Egyptian and Arab sources stated that Ibn Zayed invited Sisi to request Egypt's actual, not verbal, intervention in the crisis after the Houthi militia recently bombed sensitive sites in the UAE and called on foreign investors to leave the country.

These developments came after five statements by Sisi since 2014 about what has become known as the "railroad distance," in reference to his affirmation of Egypt's readiness to intervene militarily to support its allies against any threat.

This was never achieved and was limited to press releases, despite the large material aid that Sisi obtained in return for those statements.

As of January 17, 2022, the Yemeni Houthi militia had been attacking sensitive sites in the UAE and Saudi territories with ballistic missiles, causing deaths and injuries, as well as great material losses.

The Houthi attacks aim, according to observers, to relieve pressure on its forces, which have been fighting in the southern governorates with forces backed by the UAE, and thus push the latter back from the Yemeni scene.

 

Serious Requests

A former Egyptian diplomatic source said that Sisi's sudden travel to Abu Dhabi appears as a kind of invitation to request Egypt's intervention.
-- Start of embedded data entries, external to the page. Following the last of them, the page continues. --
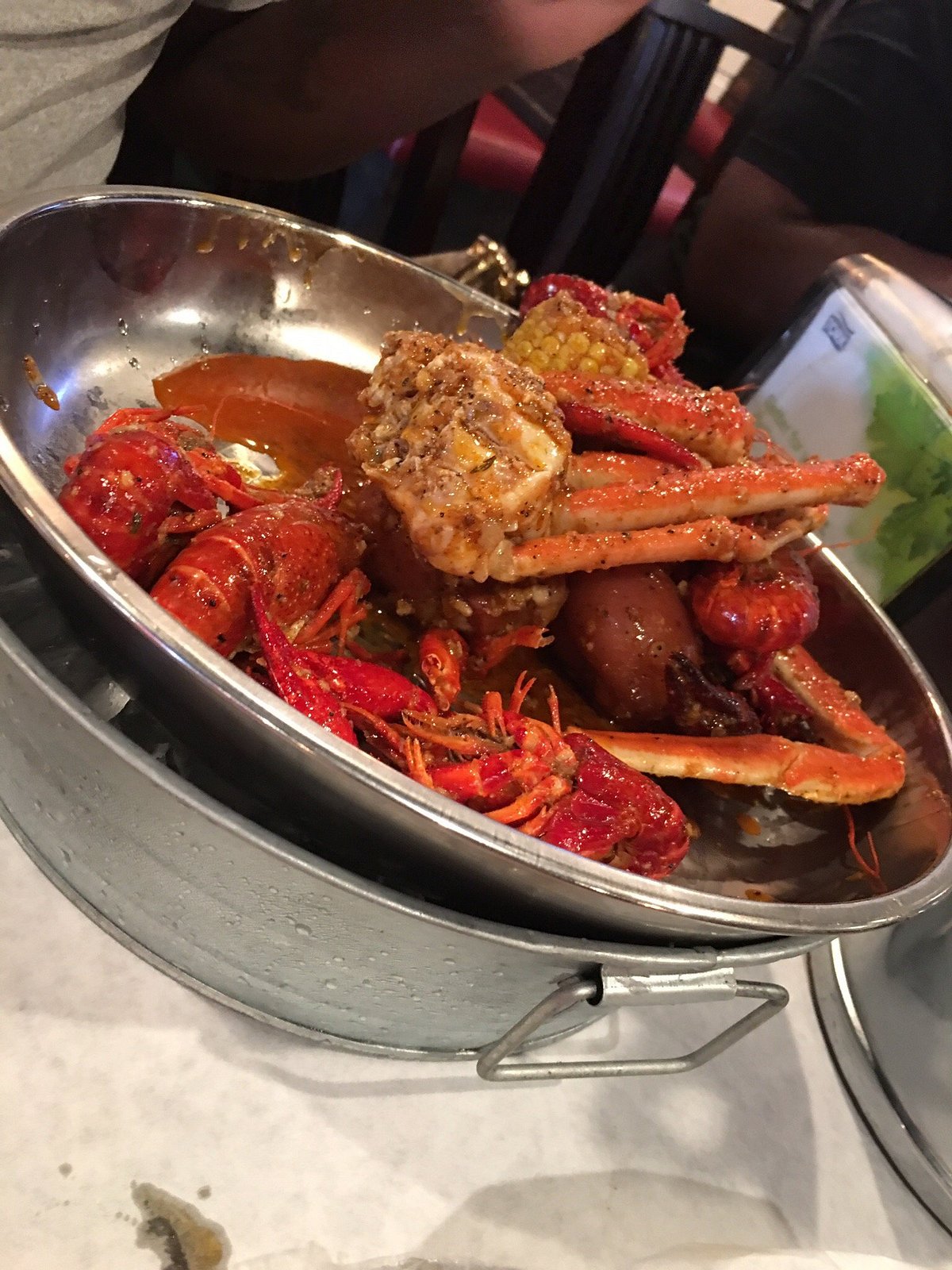 THE 10 BEST Restaurants in Jonesboro (Updated December 2023) THE 10 BEST Restaurants in Jonesboro (Updated December 2023)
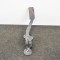 Pedala de accelerație TESLA MODEL X 2016 OEM: 6PV933370-17BE5C9F839-AA | 4111185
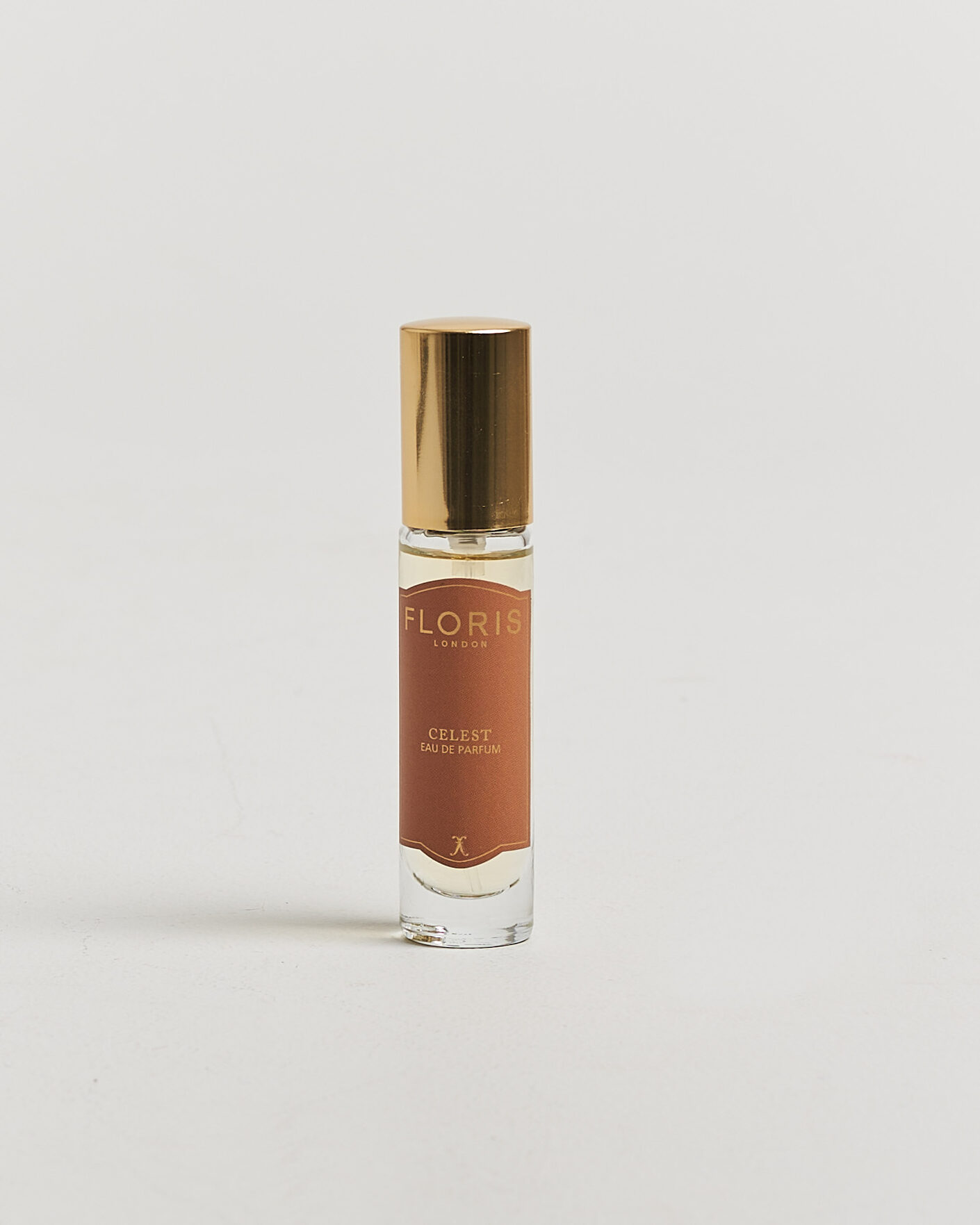 Uomini | Profumi | Floris London | Celest Eau de Parfum 10ml 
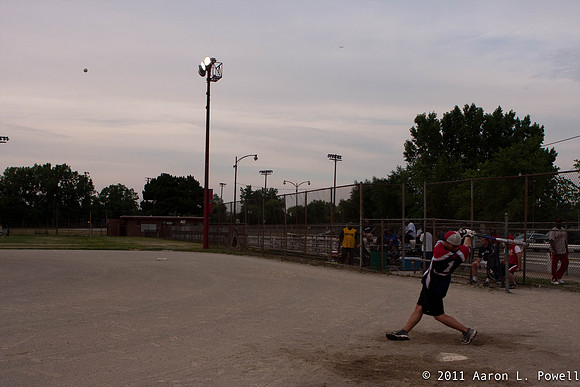 20110707194307-4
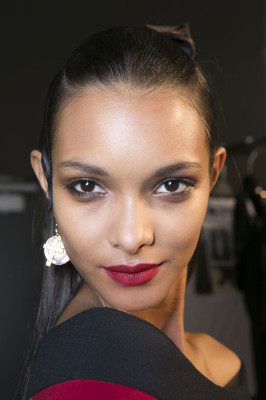 photo 25 in Lais Ribeiro gallery [id629734] 2013-09-02 00:00:00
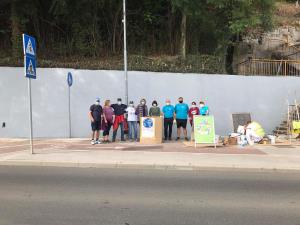 119473489_344983436614477_2581183727633404624_n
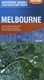 Melbourne (Polyart Paper)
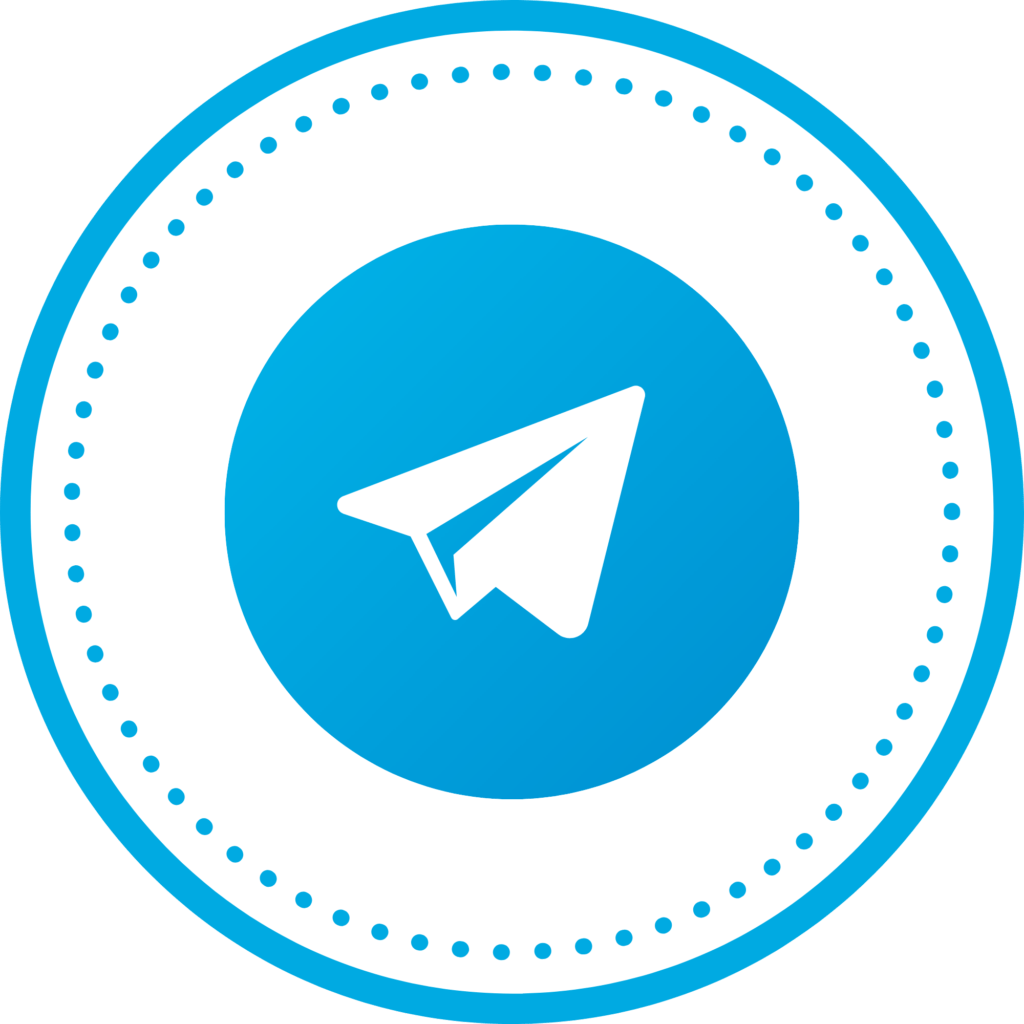 telegram-indiatic-gadgets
The source warned against Sisi's involvement in Yemen, as the late President Gamal Abdel Nasser did in the 1960s.

He explained to Al-Estiklal, preferring not to reveal his name, that leaders of the Egyptian Military Council had previously objected to the Saudi request to intervene in 2015.

There is speculation that this time Egypt decided to send "military experts" not forces, to Yemen to support and direct the Giants Brigades, which are forces formed, trained and supported by the UAE in Yemen to implement its agenda that opposes the ambitions of the Houthis, the source added.

He points out that this matter was reached as a compromise after the Gulf insistence on Egyptian military intervention, against the military council leaders' fear that Egypt’s involvement in Yemen would repeat the mistake of the previous intervention that led to huge losses in the sixties.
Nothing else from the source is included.